According to Felix Ekundayo, deputy president of the Nigeria LP Gas Association (NLPGA), there is a critical need to re-evaluate the market structure.
“We need to look at what the market structure is at the moment. If you look at the federal government policy on gas, there are four sectors of LPG. There is the domestic, there’s industrial there’s power and there’s autogas,” he said.
“The burden of growth alone has been on the domestic, and the domestic has done extremely well to drive the country’s consumption to one of the fastest-growing LPG markets in the world, but what about the other 3 sectors?
“This container [gas cylinders] is one of the few markets where the container is more expensive than the product. If you therefore cannot afford the container, you cannot afford the product. Therefore a policy that is designed to make the container cheaper is paramount. If we are going to reach 5 million tonnes, we need to look into policies that are holding this back.”
LOW PRODUCTION AFFECTS PRICE STABILITY
Nigeria is largely a consumption economy and this is evident in the LPG sector. A low production output, coupled with instability in the foreign exchange, has worsened the affordability of cooking gas.
Ekundayo explained that moving the country from a consumption to a production-centred hub is one of the ways to achieve price stability in the LPG market.
“In a country that is short in terms of production, you end up in a situation where you are import priority. As you drive your production to increase beyond consumption, you move to export priority which will be lower than import priority. The objective is to move from import priority to export priority. What do I mean by that? If our demand is 1 million, we need to have production of 1.1m, that automatically swings you over to export pricing,” he said.
“So the focus, therefore, has to be on increasing supply into the domestic market to the point where our local pricing is lower than our export pricing. Unfortunately, because we are reimporting products, we need to change that. So those are the kind of targeted moves that the country needs to awaken itself to.”
Lawal Bello, acting managing director of NNPC Retail LTD, opined that a functioning structure needs to be in place to reach the people who matter most at the bottom of the LPG chain.

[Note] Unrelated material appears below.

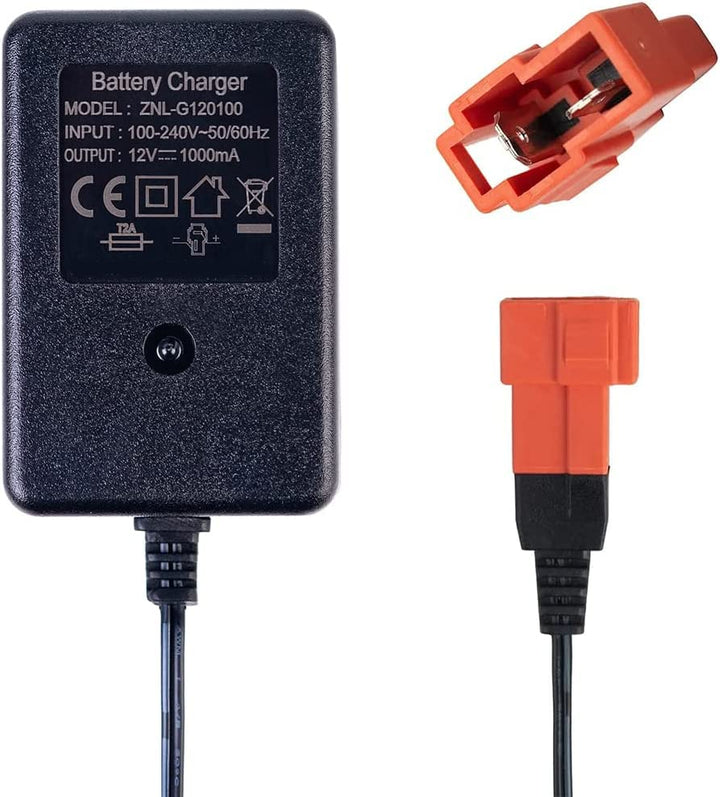12 Volt Batterieladegerät für Aufsitzspielzeug 12V Kinder Aufsitzauto Ladegerät, 12V Elektroauto Auf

“There is a need for funding and access to funding by state actors and other government agencies. How are you reaching your customers? These are the questions we need to ask. There’s also a need for robust distribution because sometimes you find out people are cut off not because they cannot afford it, but because it is not available. We need a structure that drives penetration,” Bello said.
To effectively expand LPG penetration, Michael Kelly, chief advocacy officer, and deputy managing director at the WLPGA said “there has to be a clear policy from the government”.
Kelly further explained that the said policy has to be driven by a senior member of the government who has the power to drive all ministries to come together and make sure everyone is on board.